● What the task asks: Repeat exactly the stretch of lines that starts with the one containing "Ferry bridge icon, isometric style vector" and ends with the last line of the material. Leave out pictures.

● Given material:
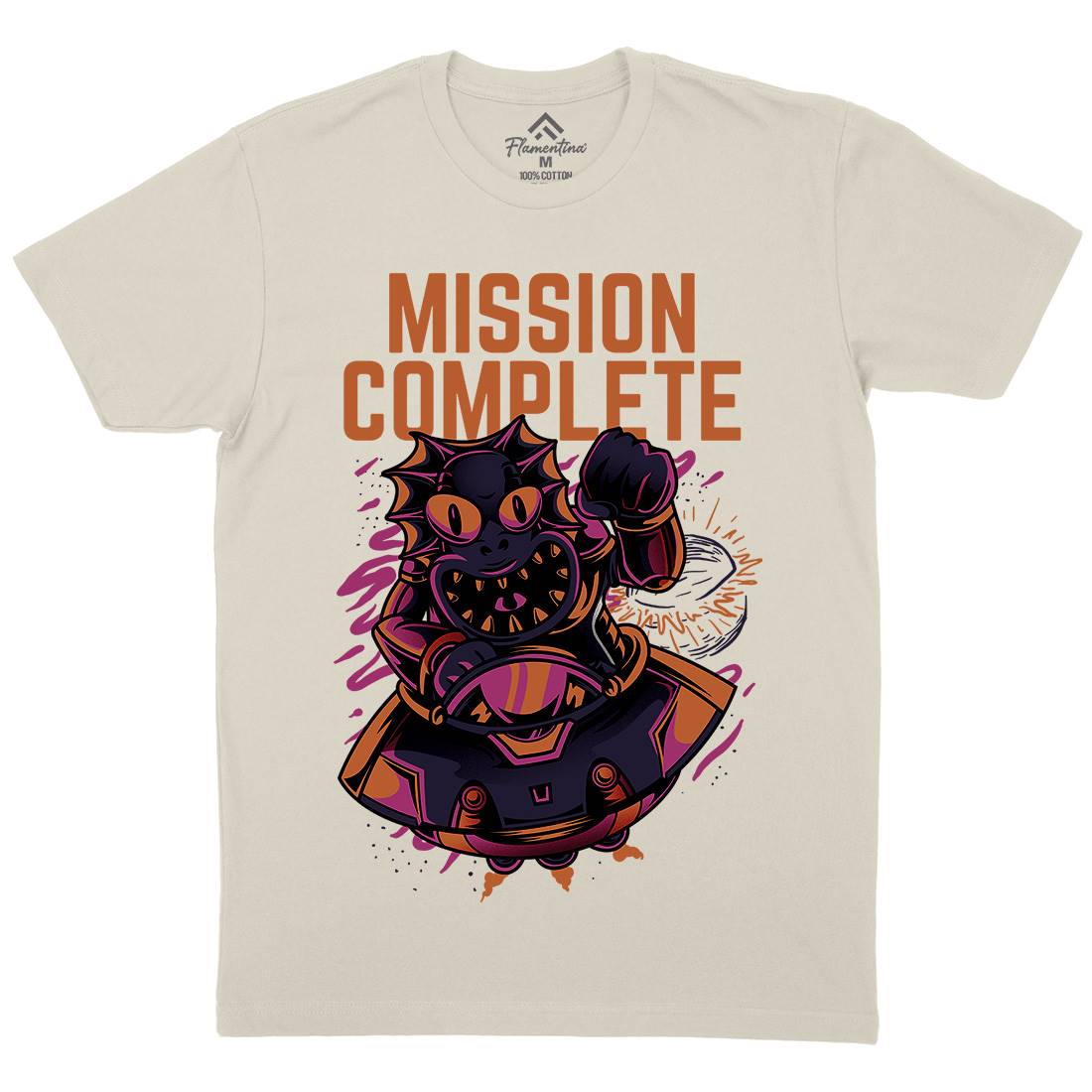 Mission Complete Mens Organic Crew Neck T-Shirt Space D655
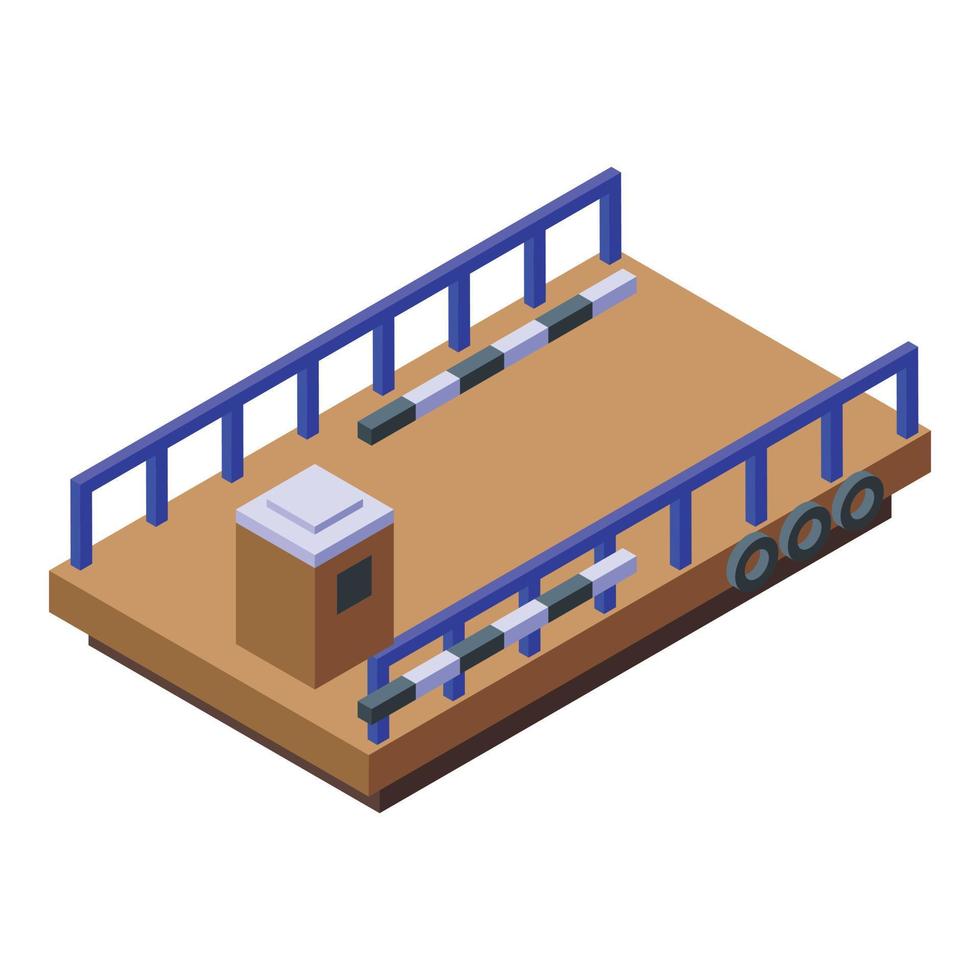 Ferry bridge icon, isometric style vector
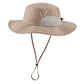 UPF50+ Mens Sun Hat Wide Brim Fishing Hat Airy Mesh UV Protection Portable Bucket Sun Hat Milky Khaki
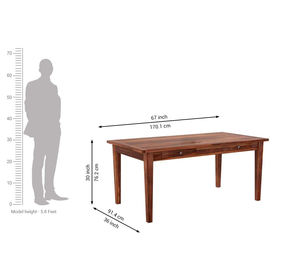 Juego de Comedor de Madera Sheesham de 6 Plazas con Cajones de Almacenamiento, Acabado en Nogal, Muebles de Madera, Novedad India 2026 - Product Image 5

● Result of this exercise:
 Ferry bridge icon, isometric style vector
 UPF50+ Mens Sun Hat Wide Brim Fishing Hat Airy Mesh UV Protection Portable Bucket Sun Hat Milky Khaki
 Juego de Comedor de Madera Sheesham de 6 Plazas con Cajones de Almacenamiento, Acabado en Nogal, Muebles de Madera, Novedad India 2026 - Product Image 5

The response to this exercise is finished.